◆ What is being asked
Reproduce the records below in full and exactly, without their images.

Image-caption web data
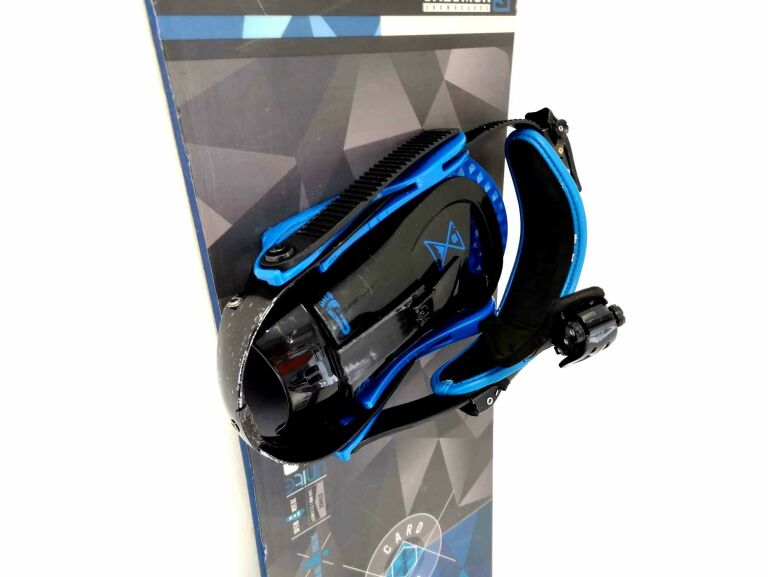 DESKA SNOWBOARDOWA SALOMON UNITE WILDCARD S 145CM
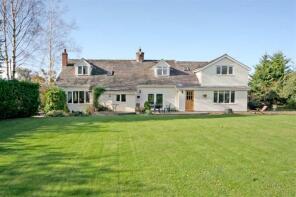 Windmill Cottage, Worthenbury Road, Crewe By Farndon, Chester CH3 6PA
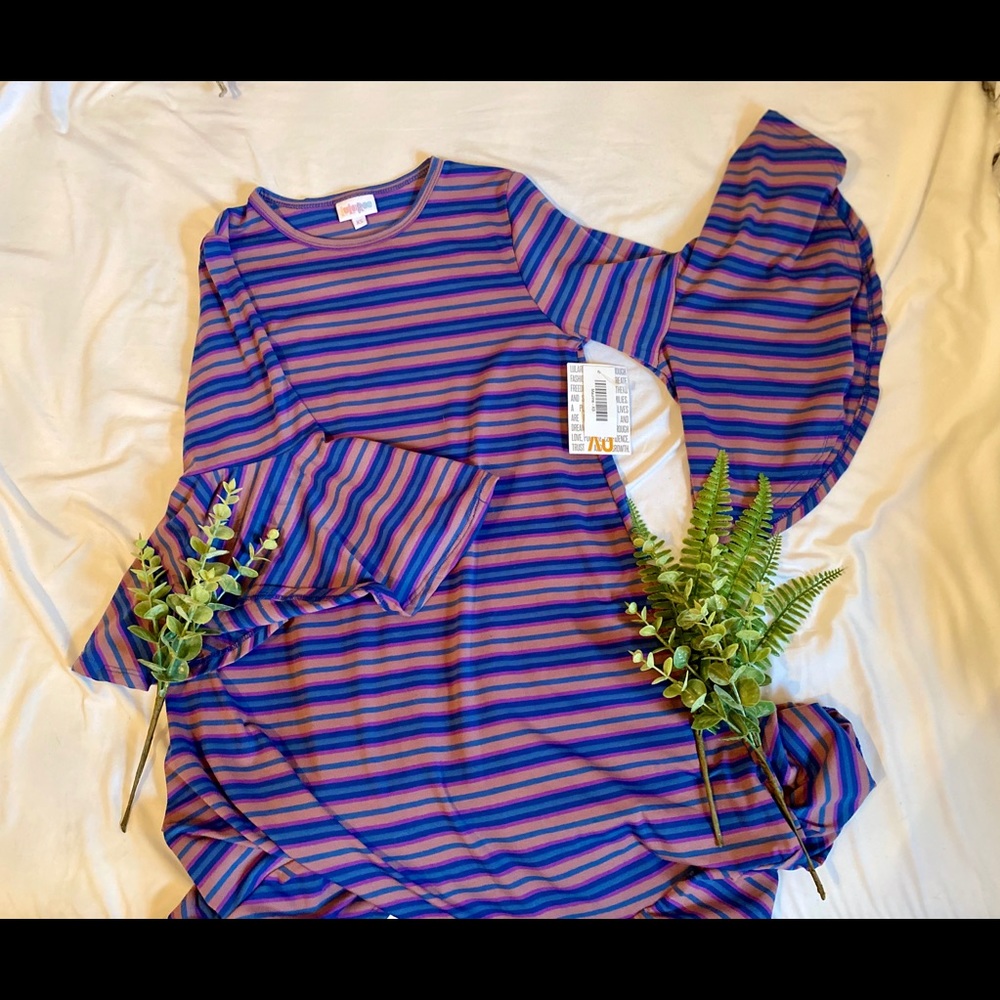 Luluaroe dress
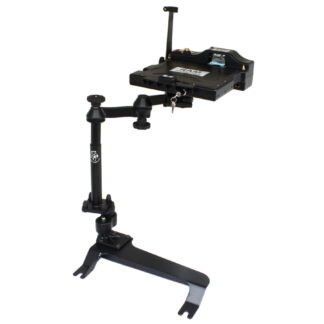 VEHICLE SYSTEM 2000- 2500, 3500 SU POWER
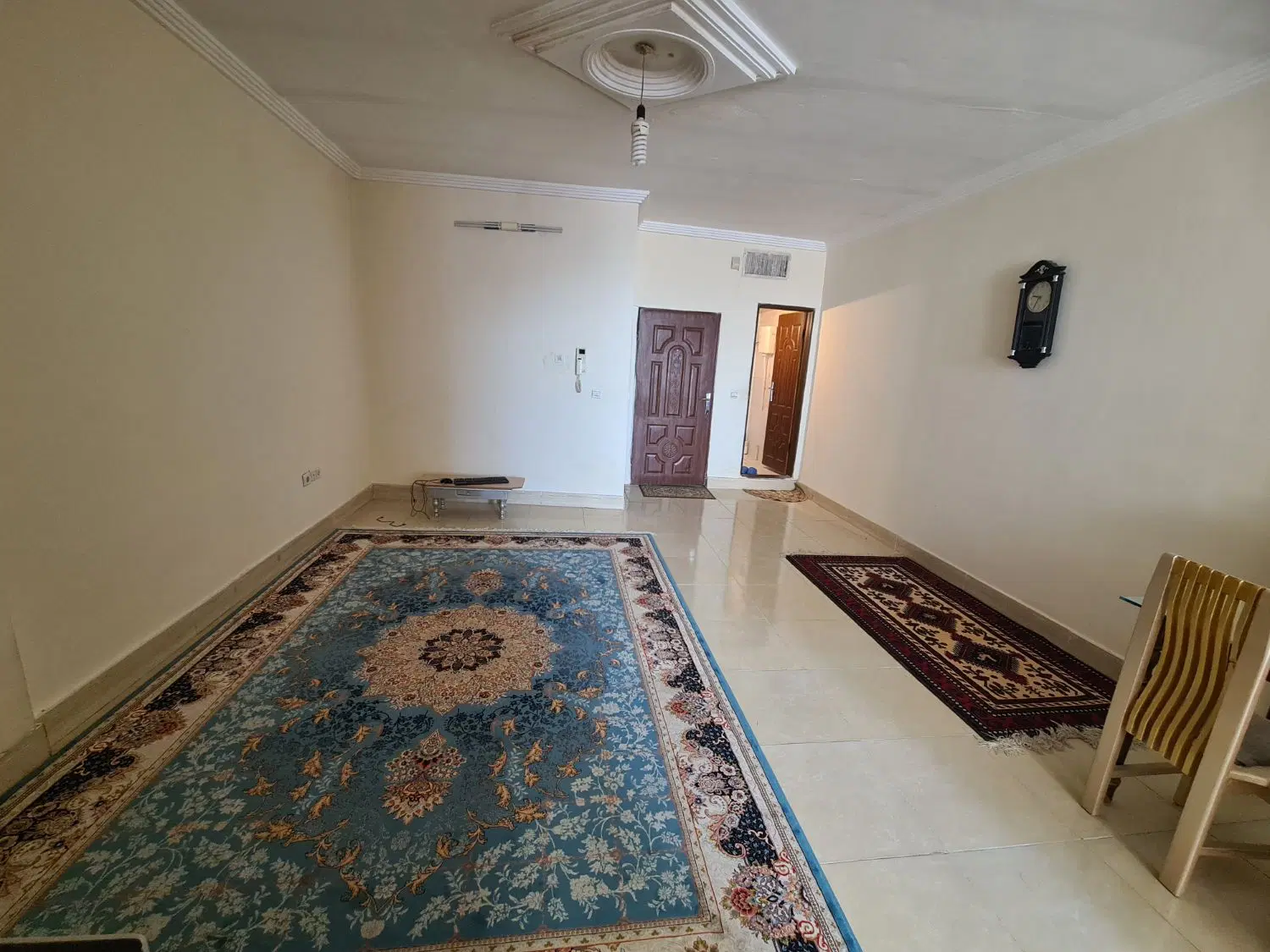 ۶۵ متری تمیز  پیامبراعظم ۴۹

◆ Response for this exercise
 DESKA SNOWBOARDOWA SALOMON UNITE WILDCARD S 145CM
 Windmill Cottage, Worthenbury Road, Crewe By Farndon, Chester CH3 6PA
 Luluaroe dress
 VEHICLE SYSTEM 2000- 2500, 3500 SU POWER
 ۶۵ متری تمیز  پیامبراعظم ۴۹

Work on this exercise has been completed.